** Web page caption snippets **
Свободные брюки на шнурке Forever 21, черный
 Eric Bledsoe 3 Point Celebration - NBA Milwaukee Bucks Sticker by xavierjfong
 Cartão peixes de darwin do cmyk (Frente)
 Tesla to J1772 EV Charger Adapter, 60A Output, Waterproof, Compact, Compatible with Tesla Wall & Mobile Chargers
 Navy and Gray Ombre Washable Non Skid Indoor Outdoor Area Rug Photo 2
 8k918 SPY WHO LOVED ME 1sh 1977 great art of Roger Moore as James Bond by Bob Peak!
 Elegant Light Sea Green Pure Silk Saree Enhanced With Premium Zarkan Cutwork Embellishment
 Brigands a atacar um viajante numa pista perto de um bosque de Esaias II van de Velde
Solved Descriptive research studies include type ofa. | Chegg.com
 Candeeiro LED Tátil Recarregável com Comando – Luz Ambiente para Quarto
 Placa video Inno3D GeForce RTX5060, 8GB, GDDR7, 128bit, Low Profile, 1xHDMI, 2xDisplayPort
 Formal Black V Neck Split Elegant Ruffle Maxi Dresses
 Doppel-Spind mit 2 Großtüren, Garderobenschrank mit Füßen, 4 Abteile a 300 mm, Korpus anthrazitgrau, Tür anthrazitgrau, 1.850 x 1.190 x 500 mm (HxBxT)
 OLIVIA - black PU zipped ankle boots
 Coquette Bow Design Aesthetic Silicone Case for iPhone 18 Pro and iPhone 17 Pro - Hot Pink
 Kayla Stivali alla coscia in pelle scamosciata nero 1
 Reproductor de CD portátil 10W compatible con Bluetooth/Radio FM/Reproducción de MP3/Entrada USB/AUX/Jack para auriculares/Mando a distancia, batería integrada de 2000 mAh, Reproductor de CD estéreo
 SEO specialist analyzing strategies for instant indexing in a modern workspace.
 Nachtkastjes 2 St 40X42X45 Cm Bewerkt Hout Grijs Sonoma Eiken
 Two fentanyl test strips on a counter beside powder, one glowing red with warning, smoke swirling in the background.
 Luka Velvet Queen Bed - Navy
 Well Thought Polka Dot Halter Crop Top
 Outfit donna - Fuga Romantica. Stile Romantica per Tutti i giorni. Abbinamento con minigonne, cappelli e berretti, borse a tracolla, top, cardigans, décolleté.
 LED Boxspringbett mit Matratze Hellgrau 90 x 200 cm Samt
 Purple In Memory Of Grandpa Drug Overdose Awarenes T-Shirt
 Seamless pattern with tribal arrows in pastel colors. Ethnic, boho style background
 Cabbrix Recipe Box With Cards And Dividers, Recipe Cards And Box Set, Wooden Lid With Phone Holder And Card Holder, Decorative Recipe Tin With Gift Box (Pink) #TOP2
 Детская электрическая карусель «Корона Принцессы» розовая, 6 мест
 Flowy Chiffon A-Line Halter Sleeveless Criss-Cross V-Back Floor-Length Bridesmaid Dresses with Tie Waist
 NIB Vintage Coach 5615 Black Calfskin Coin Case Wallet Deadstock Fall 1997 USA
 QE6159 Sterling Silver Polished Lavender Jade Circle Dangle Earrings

** WHAT TO PRODUCE **
Only the lines above from the line containing "Doppel-Spind mit 2" through the line containing "Reproductor de CD portátil" should be retyped, exactly and with both ends included.

** SOLUTION **
 Doppel-Spind mit 2 Großtüren, Garderobenschrank mit Füßen, 4 Abteile a 300 mm, Korpus anthrazitgrau, Tür anthrazitgrau, 1.850 x 1.190 x 500 mm (HxBxT)
 OLIVIA - black PU zipped ankle boots
 Coquette Bow Design Aesthetic Silicone Case for iPhone 18 Pro and iPhone 17 Pro - Hot Pink
 Kayla Stivali alla coscia in pelle scamosciata nero 1
 Reproductor de CD portátil 10W compatible con Bluetooth/Radio FM/Reproducción de MP3/Entrada USB/AUX/Jack para auriculares/Mando a distancia, batería integrada de 2000 mAh, Reproductor de CD estéreo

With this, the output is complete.